**TASK REQUIREMENTS:** Would you transcribe the whole listing exactly and drop its images?

**INFORMATION SHOWN:**

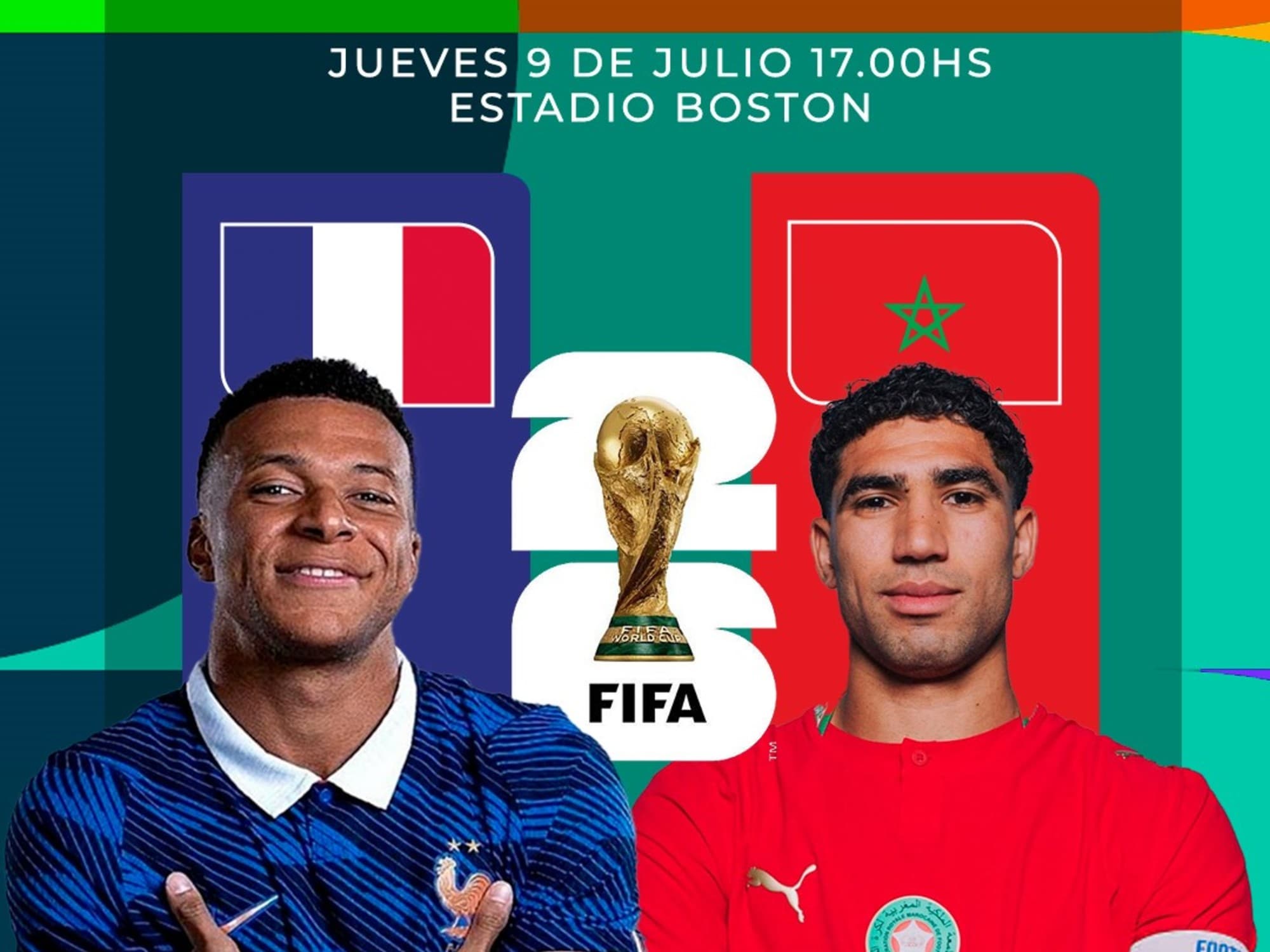 Mundial 2026: Francia y Marruecos reeditan un duelo de alto impacto en cuartos de final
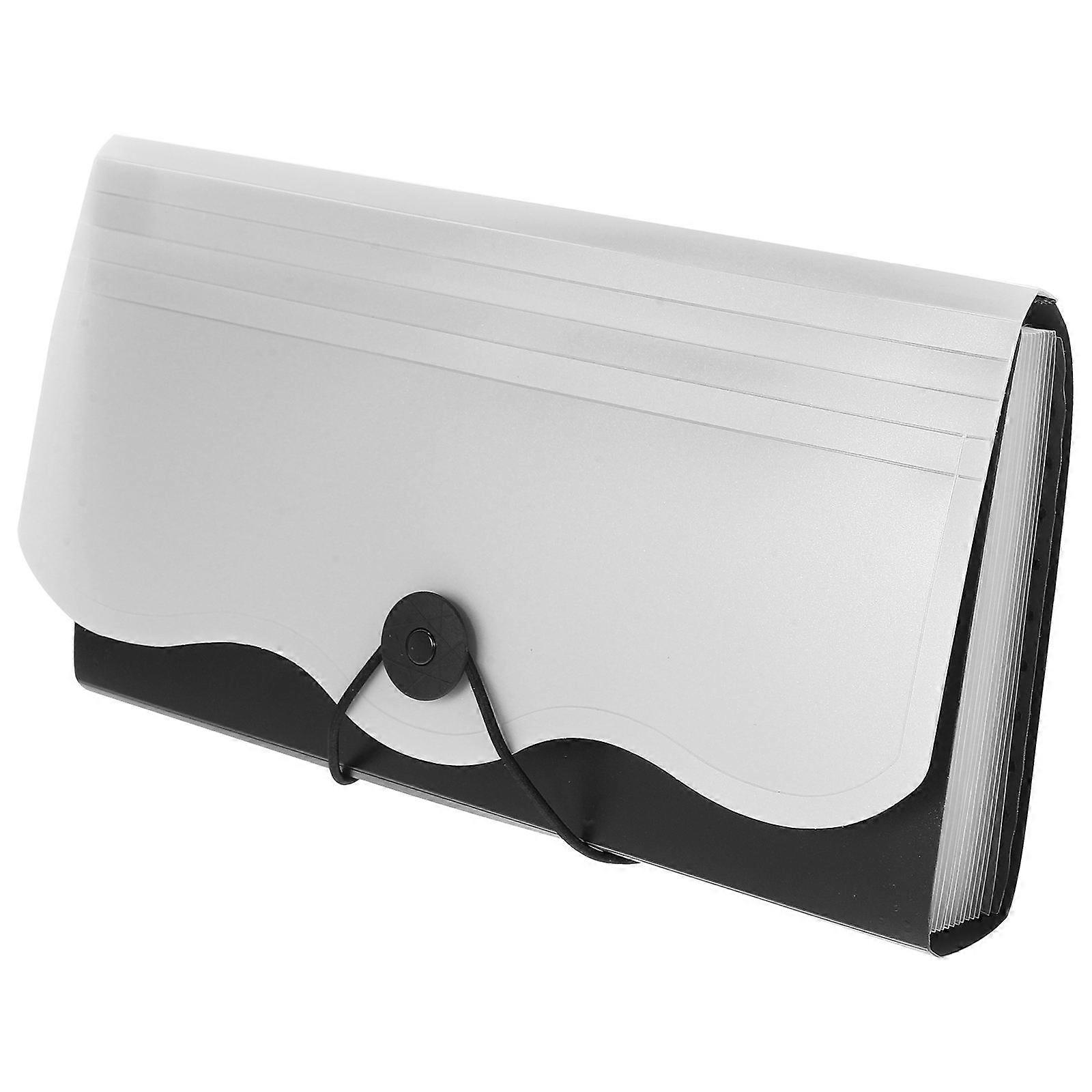 Here's a polished and professional product description based on your input:
**Expandable Document Organizer Bag – Multi Pocket File Folder for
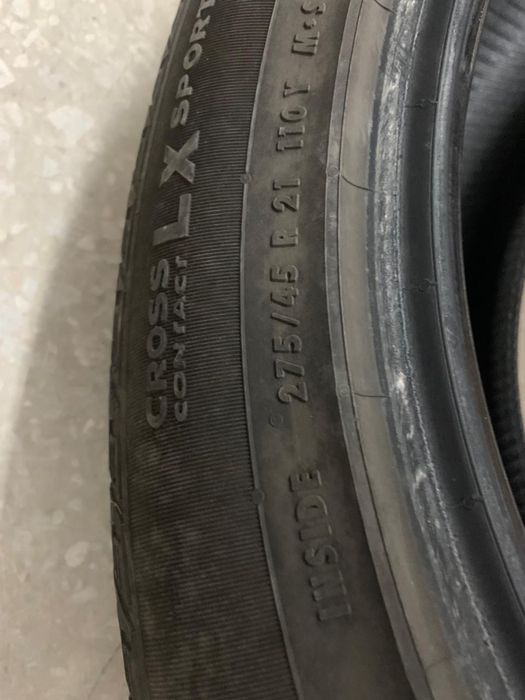 шины cross contact LX sport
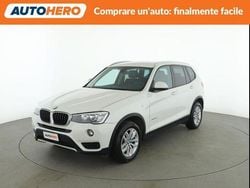 Bianco Usata 2017 BMW X3 Advantage SUV | 19.899 € (Buon prezzo)
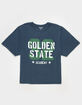 RSQ Mens Boxy Jersey Tee image number 2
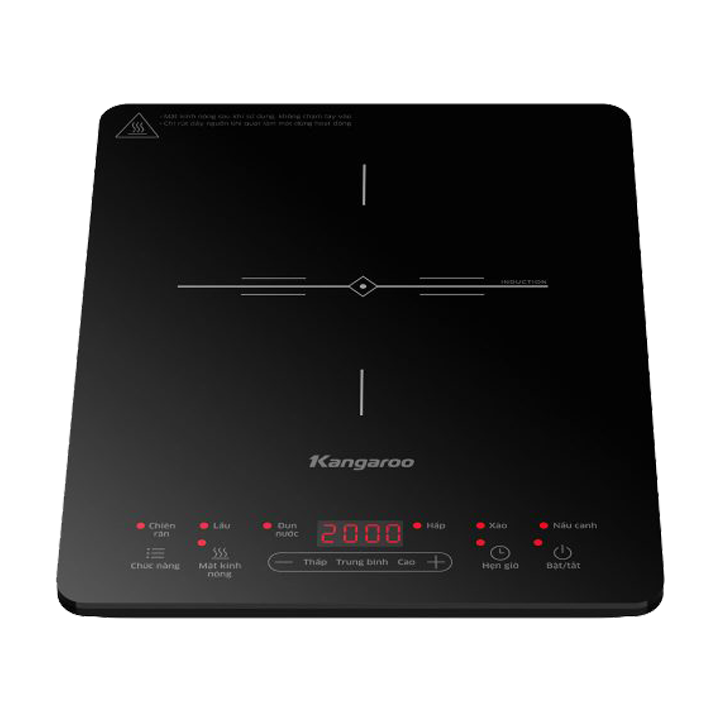 Bếp điện từ đơn Kangaroo KGIC20S2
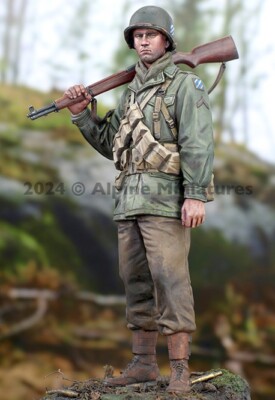 Alpine Miniatures 16046   1/16 US 3rd ID  Rock of the Marne 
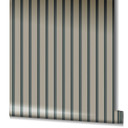 non-woven tapet beige grå striber til stue soveværelse kontor marburg tapet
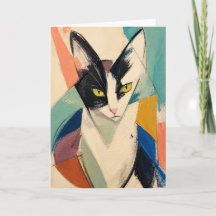 O Gato Smoking Artístico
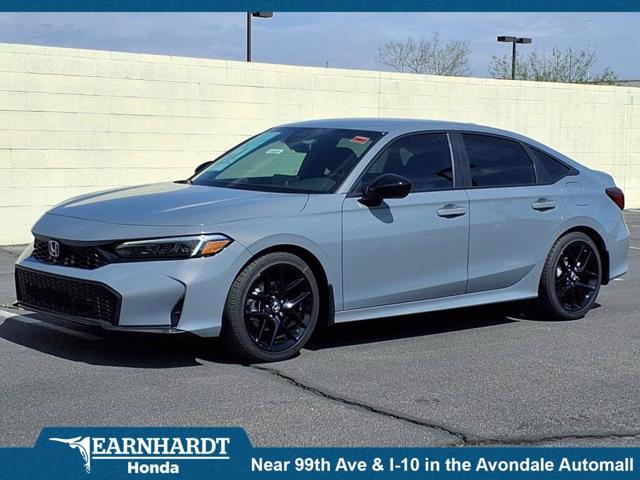 2026 Honda Civic Sedan Sport FWD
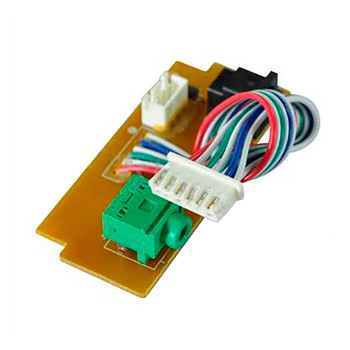 SE00000464 - PRINTED CIRCUIT BOARD P DC CONNECTOR JACK ASSEMBLY XRM05 - Makita Original Part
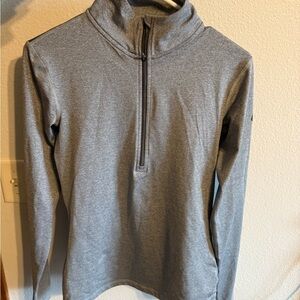 Nike Dri-FIT Performance Athletic Quarter Zip - Gray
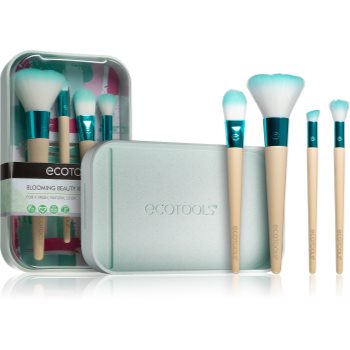 Ecotools blooming beauty kit set perii machiaj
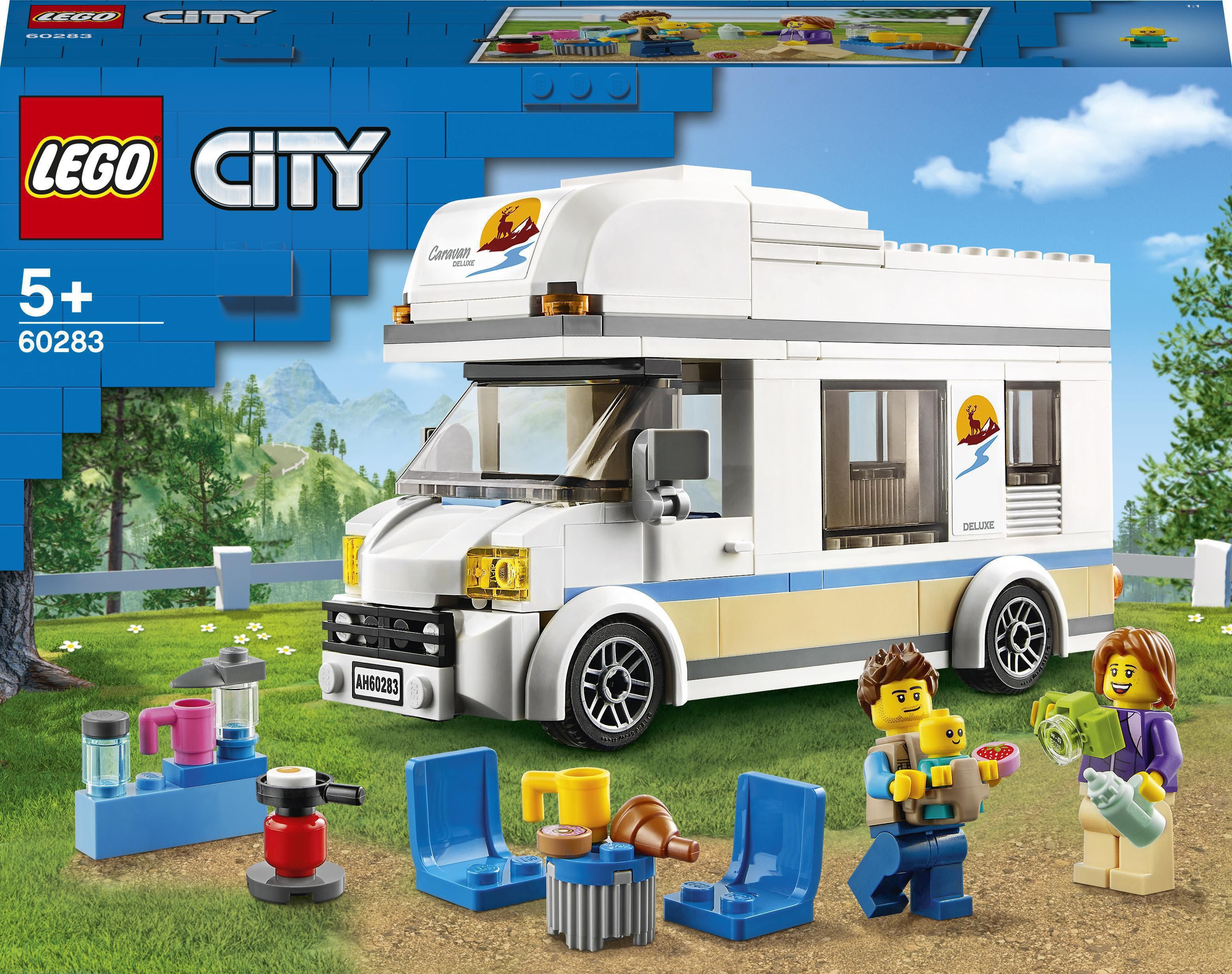 Kamp pushime lodër LEGO City (60283)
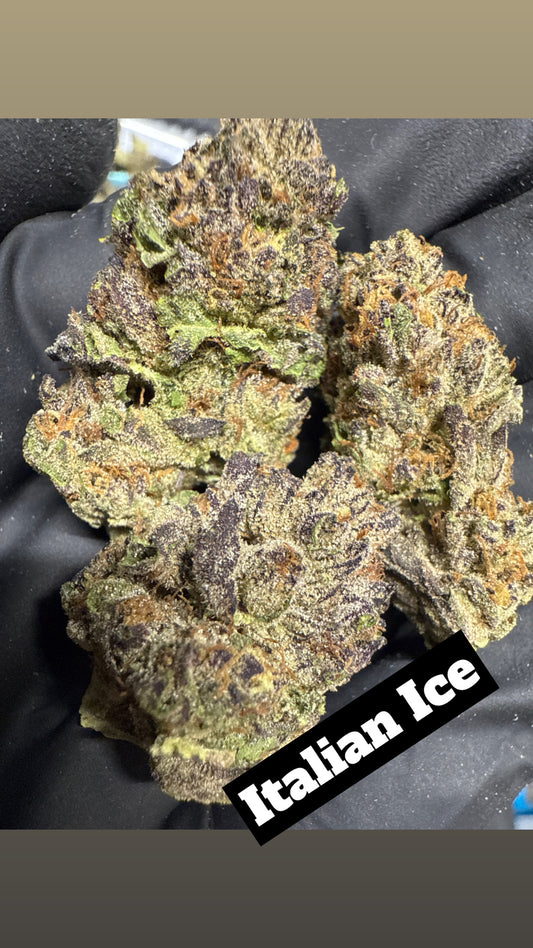 Daily Driver Hemp Flower - Italian Ice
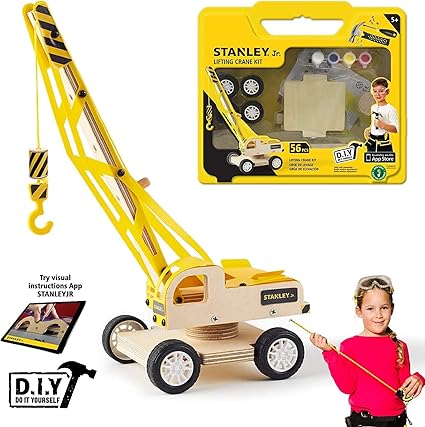 stanley jr building kits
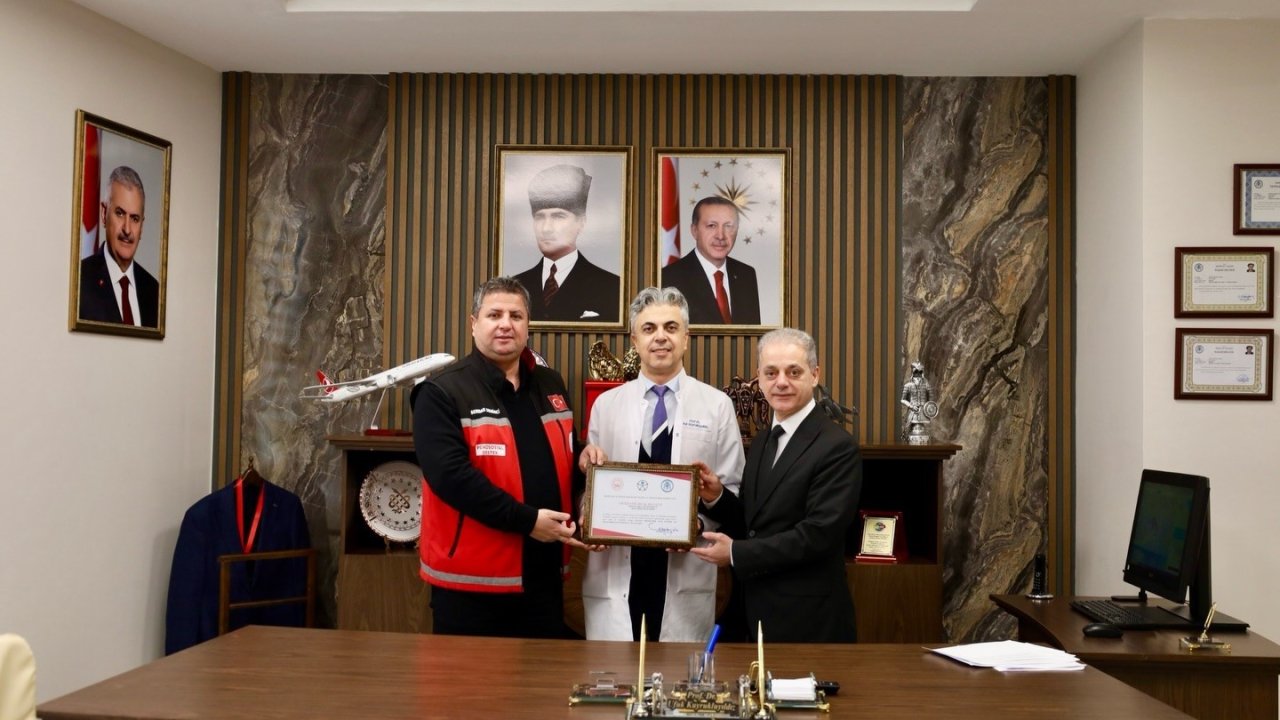 Mengücek Gazi EAH’ye erişilebilirlik belgesi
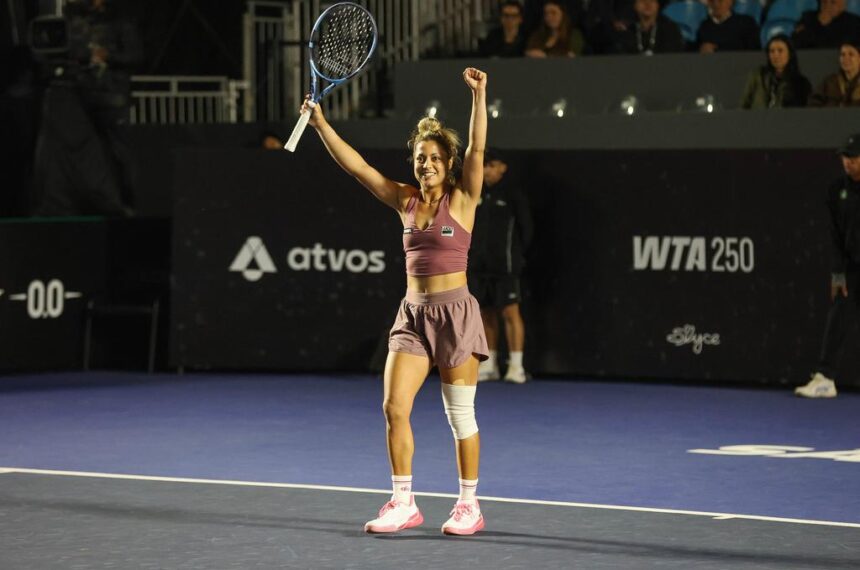 Renata Zarazua elimina Bia Haddad e vai à decisão do SP Open - Fotojump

**ANSWER FOR THE TASK:**
 Mundial 2026: Francia y Marruecos reeditan un duelo de alto impacto en cuartos de final
 Here's a polished and professional product description based on your input:
**Expandable Document Organizer Bag – Multi Pocket File Folder for
 шины cross contact LX sport
 Bianco Usata 2017 BMW X3 Advantage SUV | 19.899 € (Buon prezzo)
 RSQ Mens Boxy Jersey Tee image number 2
 Bếp điện từ đơn Kangaroo KGIC20S2
 Alpine Miniatures 16046   1/16 US 3rd ID  Rock of the Marne 
 non-woven tapet beige grå striber til stue soveværelse kontor marburg tapet
 O Gato Smoking Artístico
 2026 Honda Civic Sedan Sport FWD
 SE00000464 - PRINTED CIRCUIT BOARD P DC CONNECTOR JACK ASSEMBLY XRM05 - Makita Original Part
 Nike Dri-FIT Performance Athletic Quarter Zip - Gray
 Ecotools blooming beauty kit set perii machiaj
 Kamp pushime lodër LEGO City (60283)
 Daily Driver Hemp Flower - Italian Ice
 stanley jr building kits
 Mengücek Gazi EAH’ye erişilebilirlik belgesi
 Renata Zarazua elimina Bia Haddad e vai à decisão do SP Open - Fotojump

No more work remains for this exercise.